Ogniwa Li-ion ze stałym elektrolitem wykonane w technologii cienkowarstwowej, które są produkowane z użyciem technologii cienkowarstwowej, mogą osiągnąć właściwości lepsze od tradycyjnych ogniw Li-ion/Li-po.

Masło maślane, zerknijmy zatem do obiecywanej specyfikacji (źródło):

Opisy są tak skonstruowane, że przypominają raczej opisy technologii, potencjał, możliwości (stały elektrolit LiPON, natryskiwane warstwy elektrod), a nie opis konkretnego już produktu The Batteries. W dodatku sugestia, że ogniwa można „nawet zwijać bez uszkodzenia” brzmi dość zabawnie, jeśli weźmiemy pod uwagę, że elektrody w ogniwach generalnie się zwija, na przykład w ogniwach cylindrycznych w rolkę – i to od lat.

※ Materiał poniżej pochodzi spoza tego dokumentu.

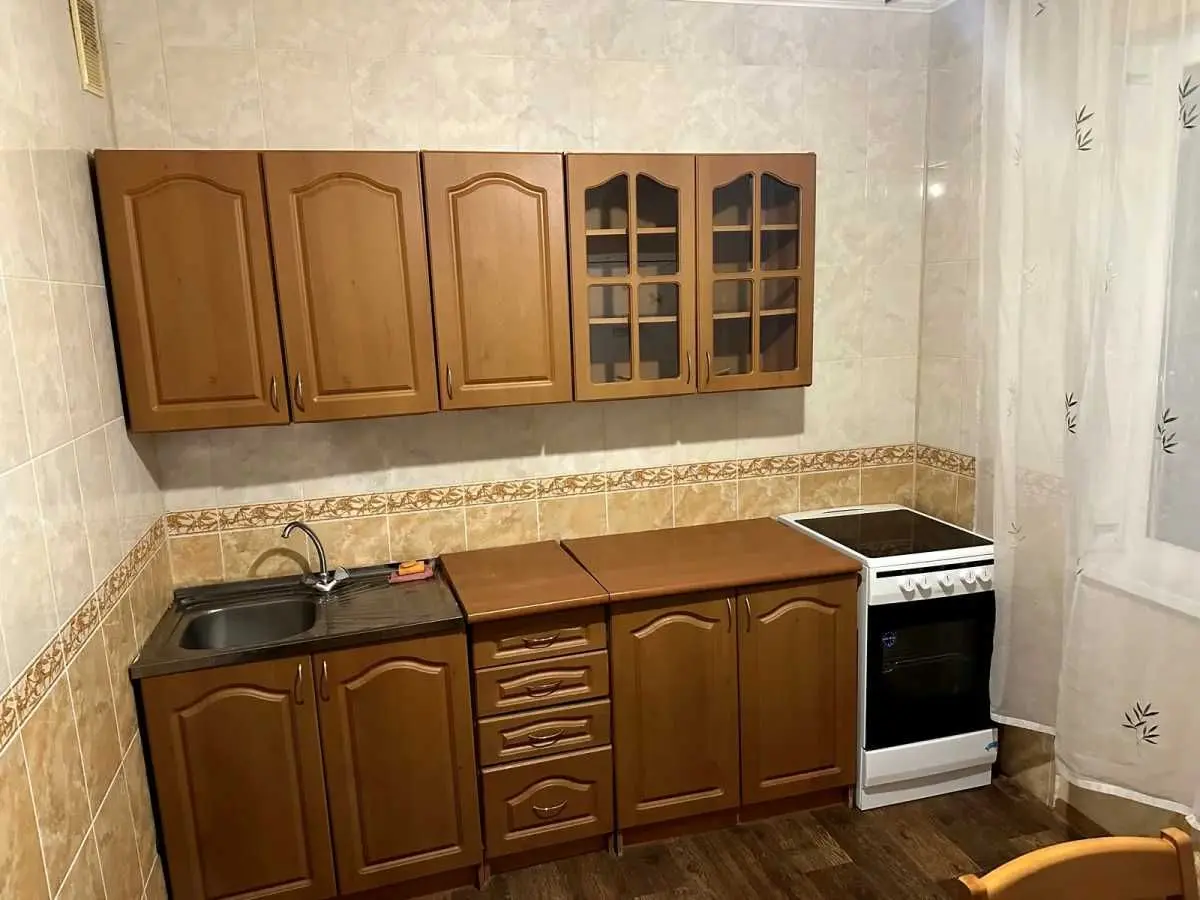 Фото Зняти 1 кімнатну квартиру, Квітневий пров. 4 Київ в довгострокову оренду, ціна: 10000 UAH, код 8606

Zostawmy więc obietnice i przejdźmy do czegoś namacalnego.

Jakie ogniwo mają The Batteries dziś? To chyba najbardziej druzgocąca część prezentacji, bo ich produkt do saszetki o rozmiarach 23×29 mm i pojemności 1 mAh w M2329V2.1DC1 (grubość 0,075 mm) oraz 10 mAh w M2329V2.1DC10 o grubości 0,75 mm [ze zdjęć wynika raczej 1,5-2 mm – przyp. red. Elektrowozu], prawdopodobnie 10 złożonych ze sobą warstw, ale to już nasze domniemanie:

Ogniwo The Batteries vs współczesne ogniwo Li-ion

Zapamiętajmy tę liczbę: 10 mAh w najbardziej pojemnym ogniwie The Batteries.

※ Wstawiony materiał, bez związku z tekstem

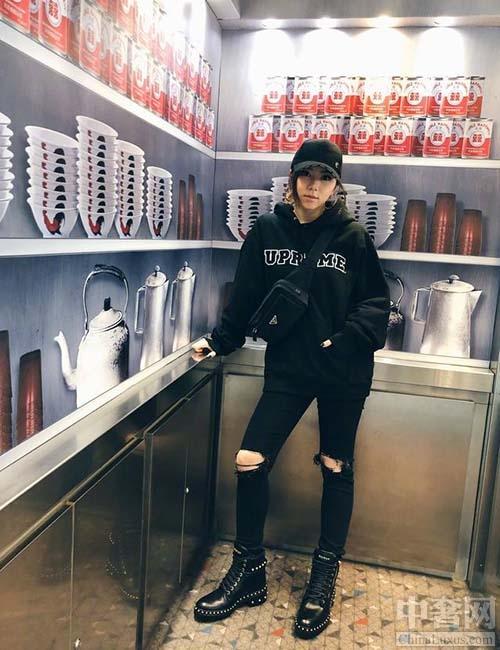 邓紫棋大秀紧身衣 身材纤细无敌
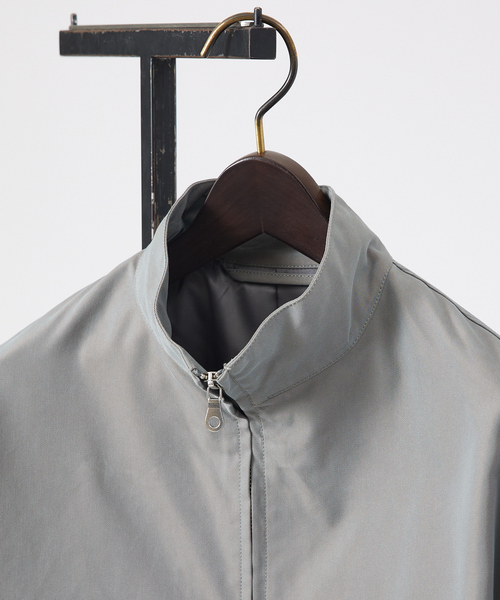 ABAHOUSE（アバハウス）の「シャンブレーツイル　スタンドカラーブルゾン / ショートブルゾン（ブルゾン・メンズ・ネイビー/スモークピンク/カーキ・46/44/48）」の13枚目の写真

Ogniwo smartwatcha Apple Watch 7 ma 309 mAh pojemności i mieści się w obudowie z wyświetlaczem, denkiem, elektroniką o grubości 10,7 mm. Jeżeli zatem powyższego smartwatcha z klasyczną baterią Li-ion trzeba ładować raz na dobę (24 godziny), to zamontowanie w nim ogniwa The Batteries zmusiłoby nas do ładowania zegarka co 47 minut (!), bo pojemność jest prawie 31 razy mniejsza. Wysoka moc ładowania jakoś nas nie cieszy, skoro zegarek rozładowałby się nawet podczas zwykłej wizyty na basenie.

Albo inaczej: jeśli ogniwo smartwatcha Apple wytrzymuje 500 cykli pracy (=500 dni, ładowanie każdej doby), to ogniwo The Batteries musiałoby wytrzymać co najmniej 15 450 cykli pracy, żeby dorównać czasowi życia tego klasycznego ogniwa Li-ion. Producent obiecuje „więcej niż 10 000 cykli pracy”.

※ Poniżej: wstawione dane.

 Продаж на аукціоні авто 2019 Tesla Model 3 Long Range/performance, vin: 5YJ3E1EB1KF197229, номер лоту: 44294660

Nota od redakcji Elektrowozu: tak jak ostrzegaliśmy przed Sionem i Unity, tak ostrzegamy przed tym projektem. Można się na nim wzbogacić finansowo (tanio kupić, drogo sprzedać), ale dziś nie potrafimy dostrzec w nim szczególnego potencjału w stosunku do tego, co się dzieje na świecie.

Zostawiając już z boku specyfikę wybranej technologii, najbardziej niepokoi nas brak informacji o kosztach produkcji. Maciej Kawecki we wpisach (płatnych?) mówi językiem pięknego marketingu o koszcie „150x niższym niż znane na świecie” (źródło) lub jeszcze lepszym „najniższym na świecie”. Tylko że bez kwot ta informacja jest bezwartościowa – i wie o tym nawet początkujący adept dziennikarstwa.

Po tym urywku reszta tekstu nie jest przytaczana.